As Roman struggles to come to terms with his newfound responsibilities, he's
also painfully reminded of his tragic past. His pregnant 16-year-old daughter
Martha (Gideon Adlon) visits to ask him to sign emancipation papers that will
allow her to inherit her grandmother's house. Father and child are long
estranged, and although Roman senses that Martha is headed down the wrong path,
he's ill-equipped to connect with her from behind bars.
Under the watchful eye of Myles (Bruce Dern), who simultaneously serves as
the program's horse trainer and a father figure to the inmates, Roman attempts
to train his horse to be sold at auction in 90 days. Although he's assisted by
Henry (Jason Mitchell),
an affable, experienced inmate trainer, progress doesn't come easy for Roman,
whose all-consuming anger makes it difficult for him to strike the right tone
while he's near the animals. But after an initial false start, Roman does begin
to develop a strong bond with the mustang, which he names Marquis.
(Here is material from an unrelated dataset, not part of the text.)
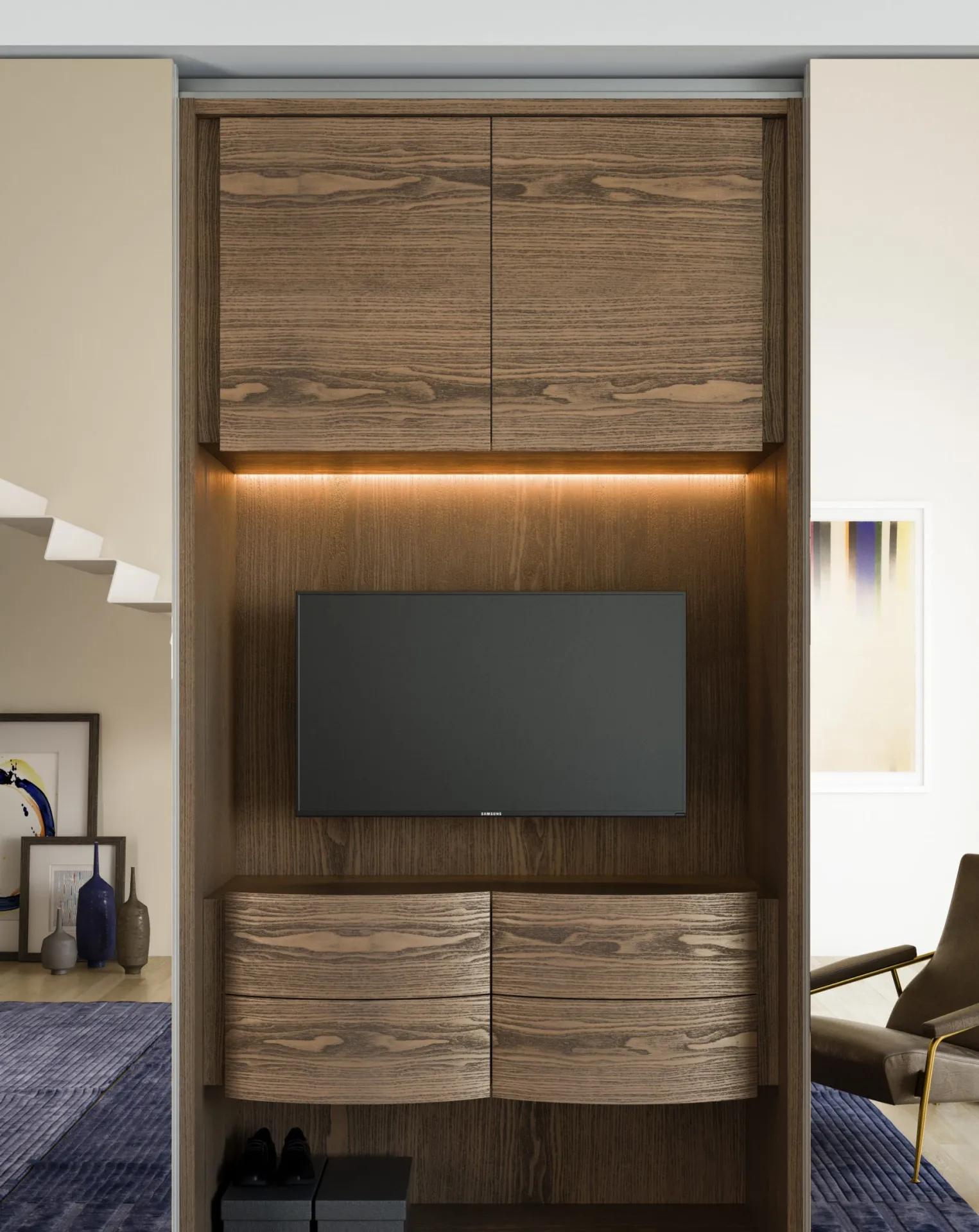 Modulo centrale dell armadio Jolly Più TV Fazzini con TV, pensile e cassettiera curva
The deep connection he forges with the wild horse allows him to open up and
face his inner demons. He's helped further by his ongoing work with a prison
psychologist (Connie Britton) and his participation in both anger management
classes and restorative justice sessions, which help convicts develop empathy
for the victims of their crimes. But his position in the program is jeopardized
as Roman's cellmate Dan (Josh Stewart) pressures Roman to start smuggling
ketamine from the farm. The horse tranquilizer is a highly-coveted commodity
among the inmates-Henry is forced to steal the substance for one of the gangs in
the prison; Dan wants Roman to do the same.